Work continues on the Arthur Foss
This week, we finished resealing the Arthur Foss‘s number four cylinder head, with lots of help from The Anchor Program.
Every year the Arthur‘s engine gets better and easier to work on. The last five years of classes and some very involved maintenance has gotten all the parts freed up and we’ve acquired more of the tools required to easily accomplish repairs and maintenance. The engine sounds great, too – when running unloaded and slow we still have every cylinder firing.
Preparing for Engineer for a Day
Nothing focuses a group like urgency.
I began work with the Anchor Program on Tuesday to prepare the Arthur Foss the fireboat Duwamish and the Historic Ships Wharf at Lake Union Park for the annual high school Engineer for a Day class on Friday.
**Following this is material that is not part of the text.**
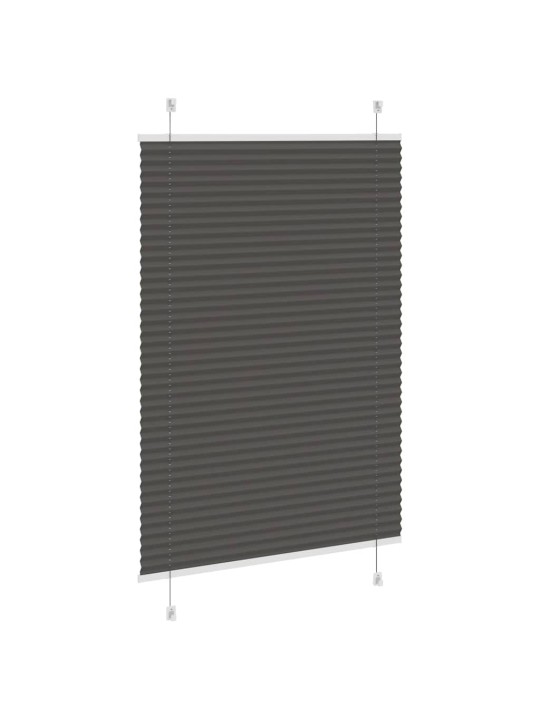 Plisovaná roleta černá 90x150 cm šířka látky 89,4 cm polyester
The class teaches kids from the Ballard Maritime Academy about marine engineering and goes from the Arthur to the Duwamish to the steamer Virginia V to learn about each system. Like Arthur, the class gets a better every year.
With TAP’s help, we got all the engines running on both the fireboat and the Arthur, despite dead batteries, broken fuel lines, and dirt and grime everywhere. We had the main and both generators going on Arthur and both generators and the three mains on the Duwamish all going. It was great!
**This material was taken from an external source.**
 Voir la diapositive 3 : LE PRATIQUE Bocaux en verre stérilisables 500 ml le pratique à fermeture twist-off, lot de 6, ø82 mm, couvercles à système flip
TAP also helped us get the wharf cleaned up and the fireboat pressure-washed and the tug scrubbed. Thanks for all your help, guys – we’ll have more work days like that soon.
High school on the wharf
On Friday morning, three engineers stood on the Historic Ship Wharf next to three historic ships open and inviting with eight diesel engines warming up for class. We were more prepared to day than the previous 3 high school classes down here.
For the fourth year, our Ballard High School class got to experience a marine engineer’s work and realize that the is the same even when the engine room is wildly different. They visited a reciprocating steam plant, a direct-reversing diesel plant, and a diesel electric plant all in the same day visit. They prepped and started up many engines throughout the day to give them the full experience and demonstrate how to operate the engines.

We did have one setback: the starter in the fireboat’s main generator went out, so the class exercise was a little limited, but part of why we hold the class is to exercise the equipment and try to find problems before they become larger issues. I would call the class a great success and we’ll fix that starter soon.
Work continues on the yarder’s injectors
We kept working on the fuel injectors diesel yarder in Eureka. This is the part of the job that is hard on the hands and fairly boring, since I insist that all the parts thread together interchangeably and entirely. It’s common for parts of these antique diesel engines to distort: the threads stretch, they rust, and tips flare the mating surface. Also, years of using pipe wrenches instead of spanner wrenches and hammers instead of heat beats the parts up further. I machine and lap everything and test every part against every other part to get them all fitting right. The process is tedious but it increases confidence when assembling, since every part fits the way it should.
Work begins on the Lightship No. 83
We dove into the Lightship No. 83 project this week: OTM Inc’s first task as Project Manager is to assemble a plan and supporting documents (like charts and tables) and prepare specifications for when we request bids for the work. It’s not like hammering on the hull or tracing leaks in the plumbing, but it’s really important work and it’s great to finally start on it.